While the administration realizes that antisemitism is a prevalent issue and is striving to combat it, some in the B-CC community believe that the administration isn’t doing enough. “I wish B-CC was less reactive, more proactive,” said PTA President Lyric Winik, adding, “I would like the school to clearly state expectations for students and also faculty around how we can not only be diverse, but inclusive — and why it matters.” 

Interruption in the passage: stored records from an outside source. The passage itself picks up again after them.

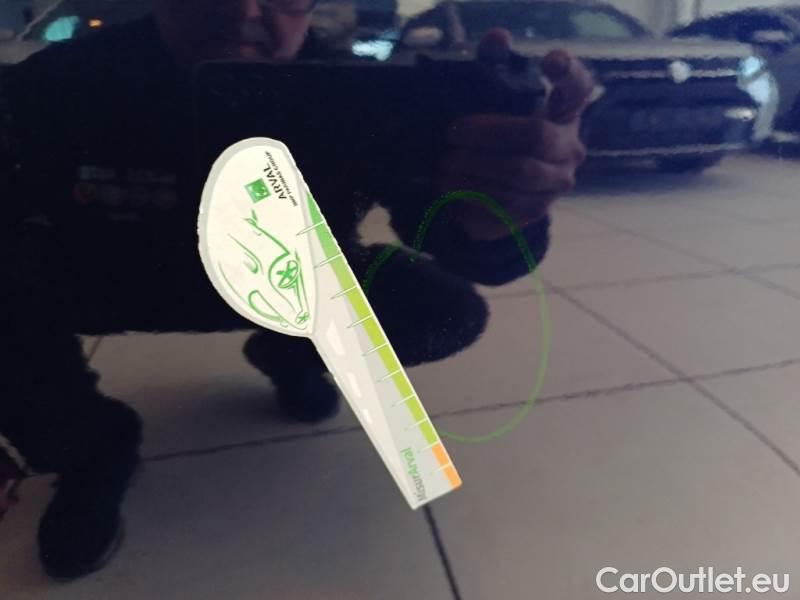 Volkswagen  Golf  VOLKSWAGEN / 2019 / 5P / BERLINA 2.0 TDI SCR 85KW LIFE DSG #95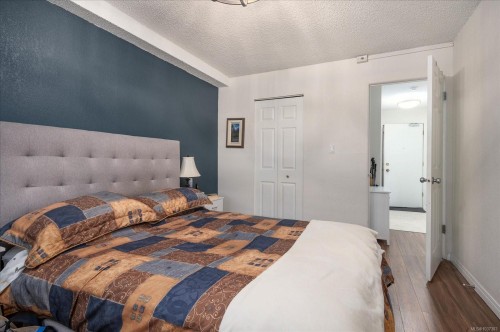 #112-218 Bayview Ave, Ladysmith, BC - Indoor Photo Showing Bedroom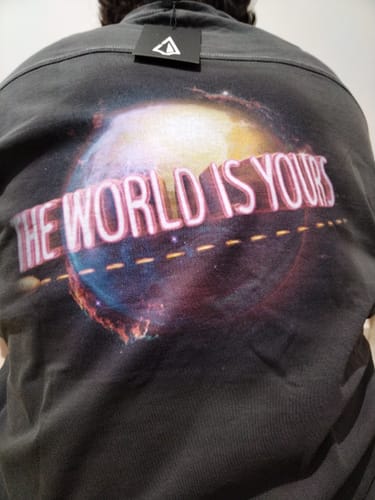 Customer photo review of DANNY X KAIZEN OVERSIZED THE WORLD IS YOURS T-SHIRT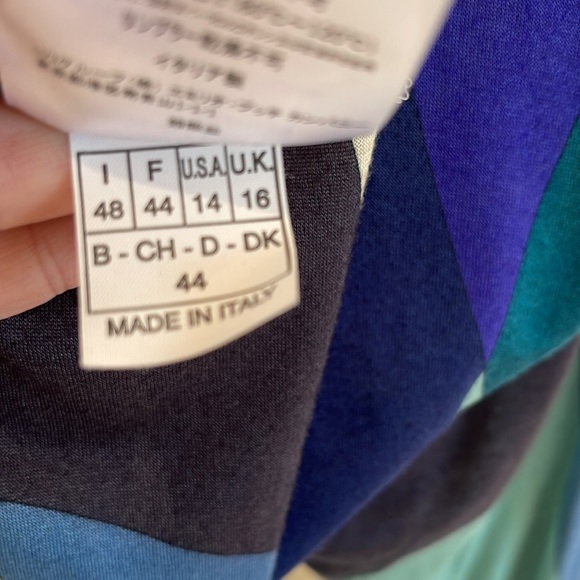 Emilio Pucci dress size 14.  100% viscose - Picture 7 of 7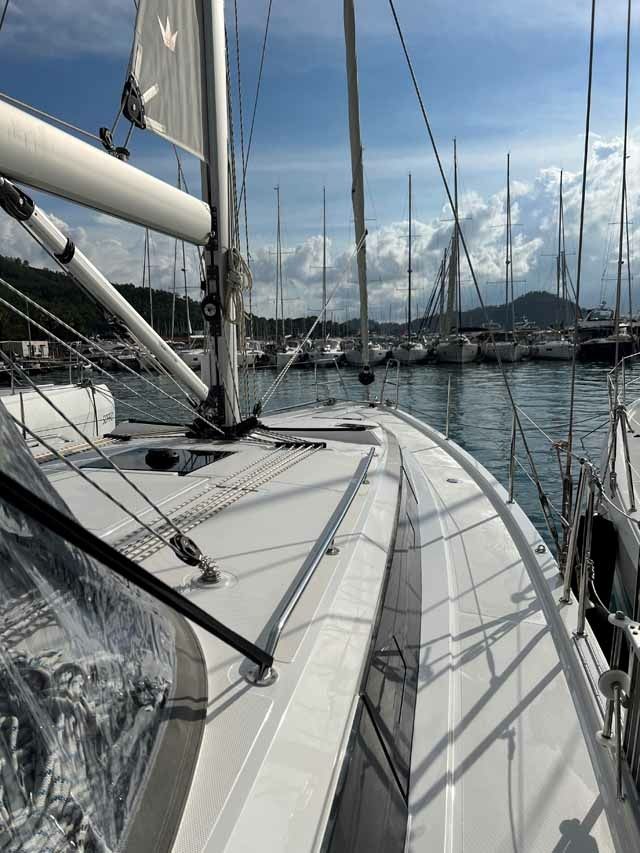 Bavaria C42 | Nava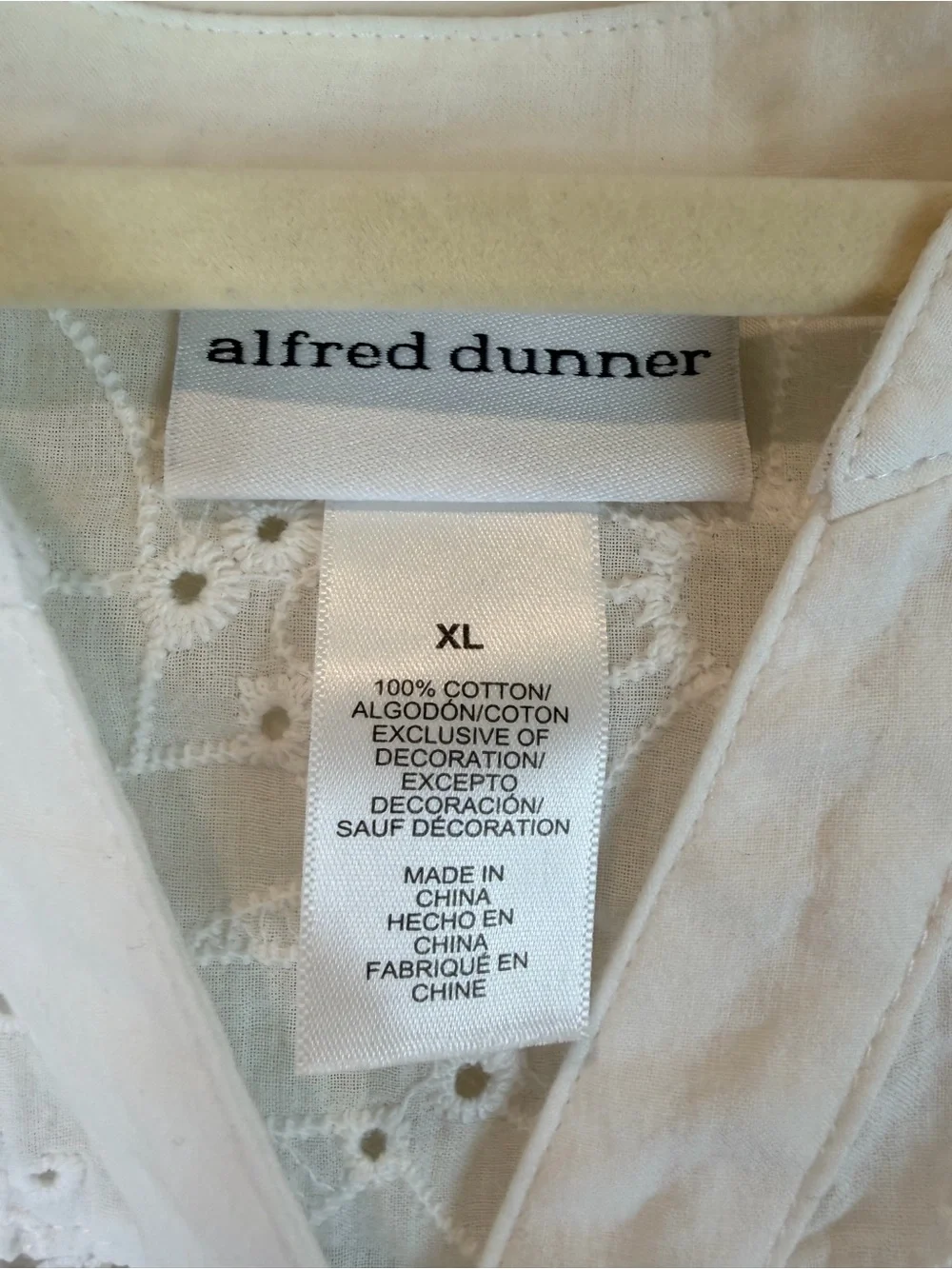 Alfred Dunner White Eyelet Floral Button-Front Blouse Size XL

Similarly, some students believe that certain aspects of Jewish history, such as the holocaust, should be implemented into the curriculum of history classes. “I believe the county should make education about antisemitism mandatory, and not just an advisory lesson, but instead a well-researched lesson taught in an actual class so students pay attention,” said the President of the Jewish Culture Club and a junior at B-CC, Charlie Raibman. Another student, junior Noah Taylor, believes that “The incidents that occurred might have never occurred if we educated students on the topic of antisemitism.”

The county and schools have acknowledged the many incidents that have occurred over the school year, including Nazi symbols on walls and desks and the graffiti that was drawn at Whitman High School.

MCPS Associate Superintendent Dr. Peter Moran stated, “It’s a mistake to say that these events are hurtful only to Jewish students. These incidents are hurtful to all of us, everyone in the community.”